━━━━━ GIVEN RECORDS
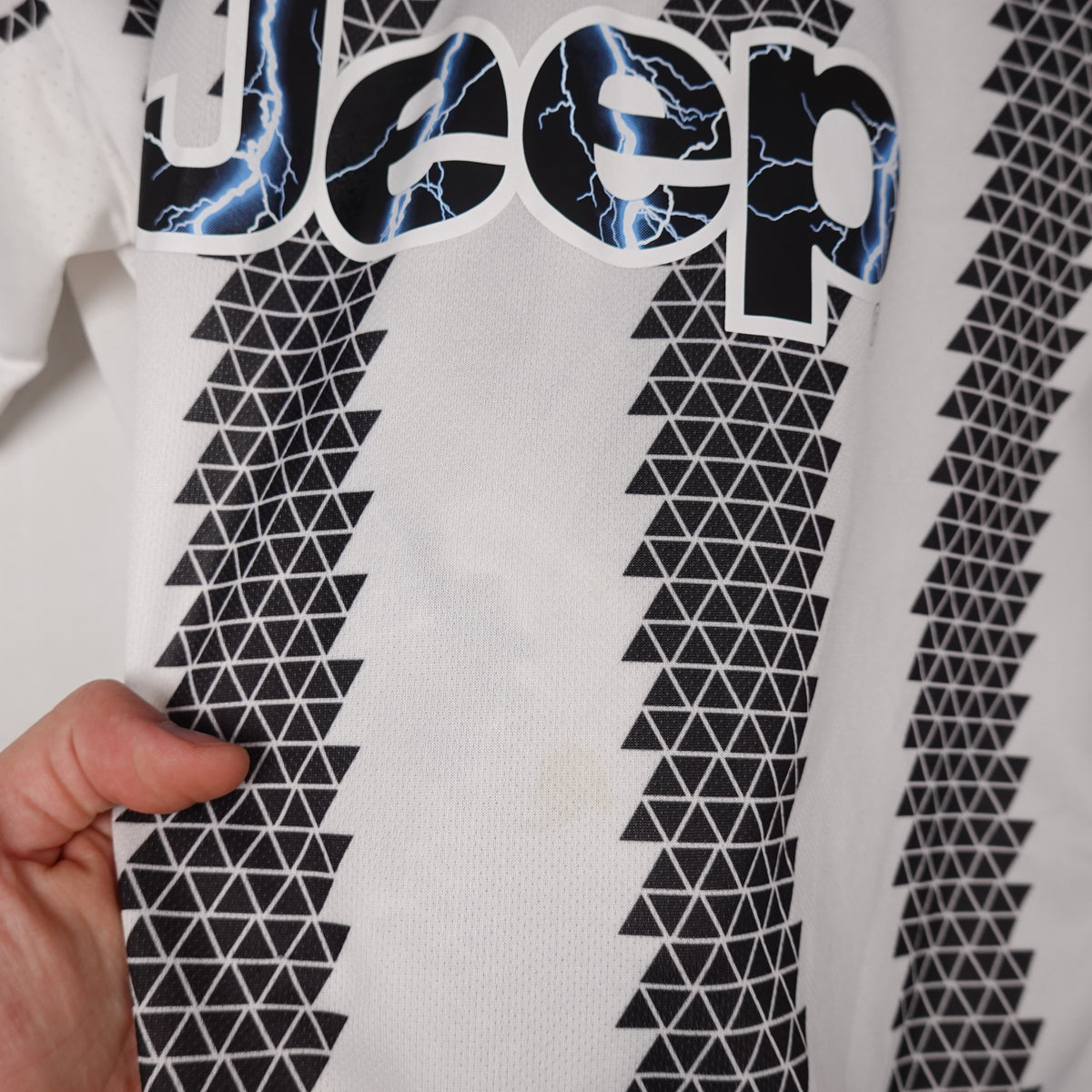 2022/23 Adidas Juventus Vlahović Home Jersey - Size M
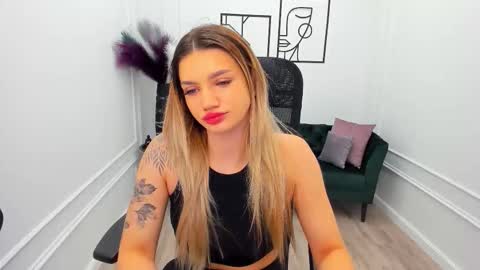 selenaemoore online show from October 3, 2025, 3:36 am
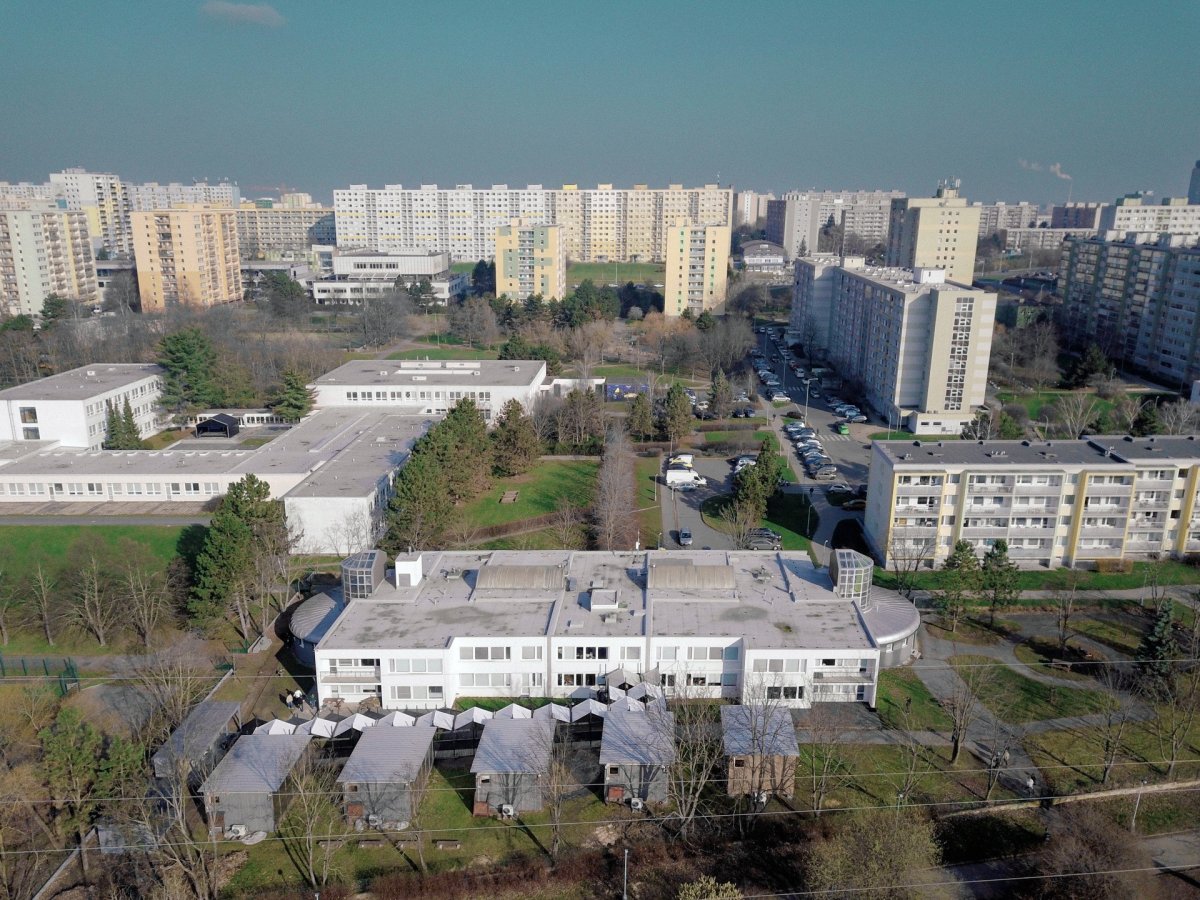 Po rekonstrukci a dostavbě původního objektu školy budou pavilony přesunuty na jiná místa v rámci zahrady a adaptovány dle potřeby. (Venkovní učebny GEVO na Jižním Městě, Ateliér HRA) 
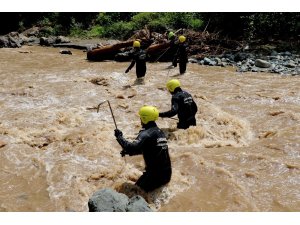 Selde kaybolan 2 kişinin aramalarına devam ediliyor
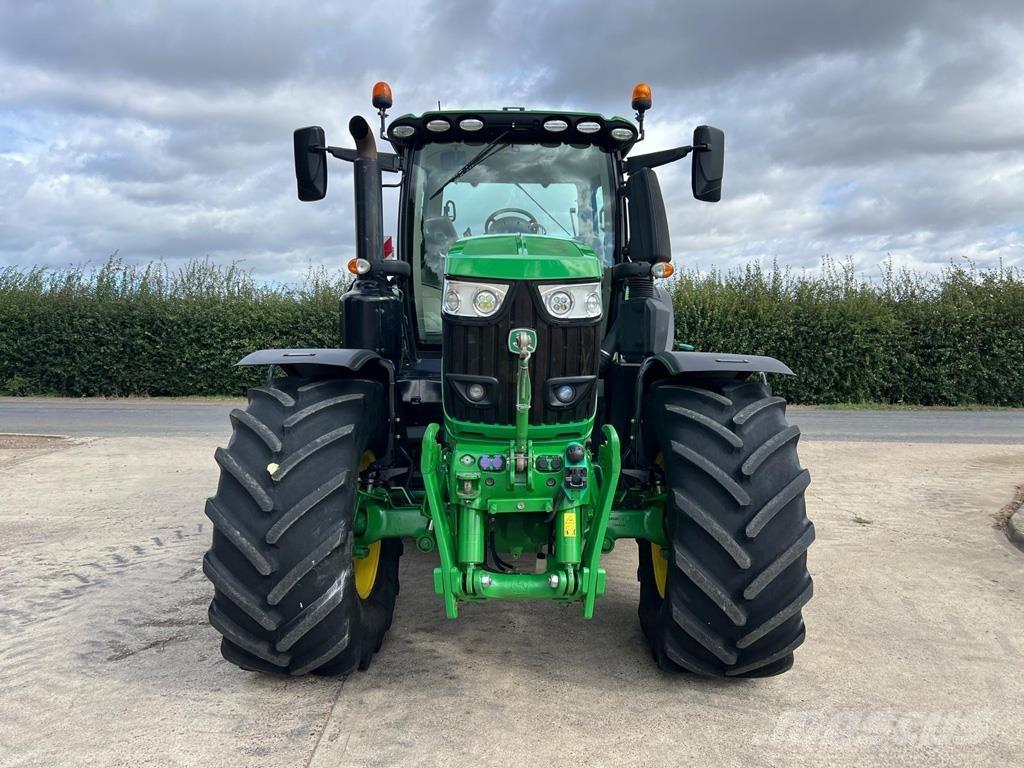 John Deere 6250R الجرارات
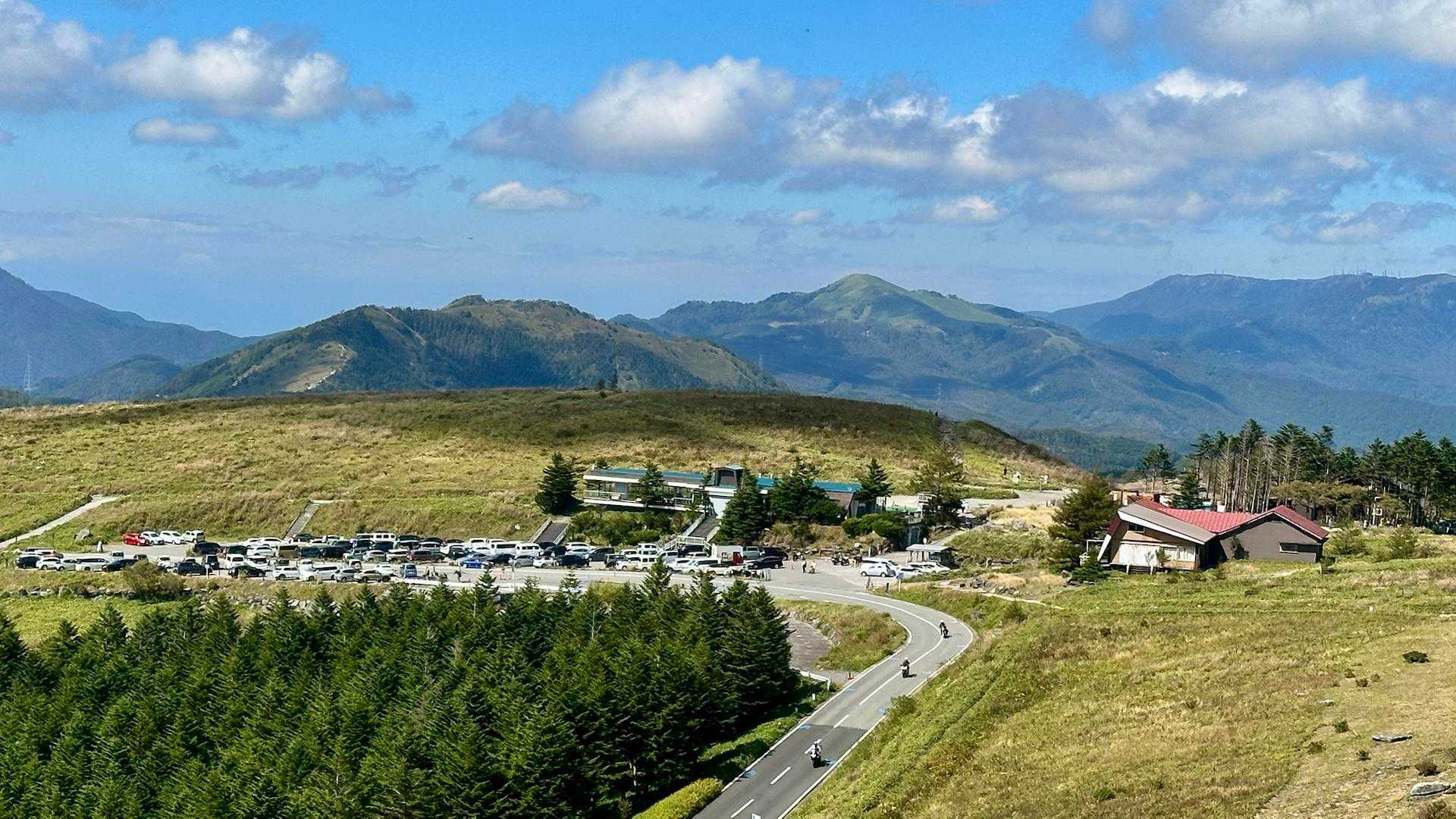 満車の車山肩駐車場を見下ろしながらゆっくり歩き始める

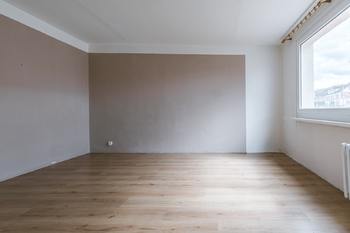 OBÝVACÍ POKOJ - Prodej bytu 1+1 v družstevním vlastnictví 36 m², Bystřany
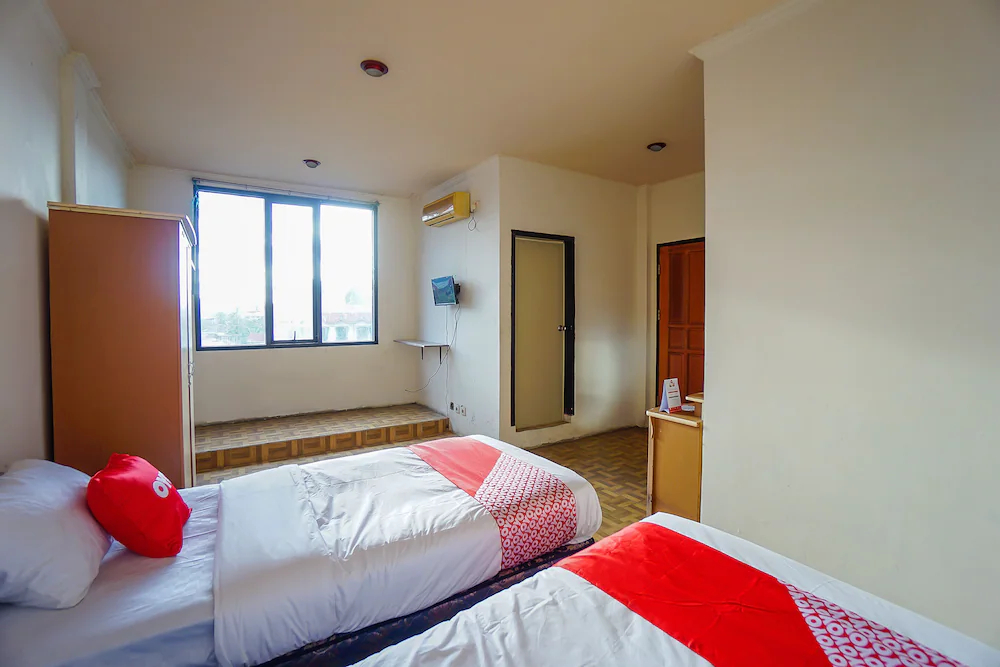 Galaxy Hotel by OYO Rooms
━━━━━━━━━━
> TASK GOAL
Give the data again exactly, image-free.

> WRITTEN RESPONSE
 2022/23 Adidas Juventus Vlahović Home Jersey - Size M
 selenaemoore online show from October 3, 2025, 3:36 am
 Po rekonstrukci a dostavbě původního objektu školy budou pavilony přesunuty na jiná místa v rámci zahrady a adaptovány dle potřeby. (Venkovní učebny GEVO na Jižním Městě, Ateliér HRA) 
 Selde kaybolan 2 kişinin aramalarına devam ediliyor
 John Deere 6250R الجرارات
 満車の車山肩駐車場を見下ろしながらゆっくり歩き始める

 OBÝVACÍ POKOJ - Prodej bytu 1+1 v družstevním vlastnictví 36 m², Bystřany
 Galaxy Hotel by OYO Rooms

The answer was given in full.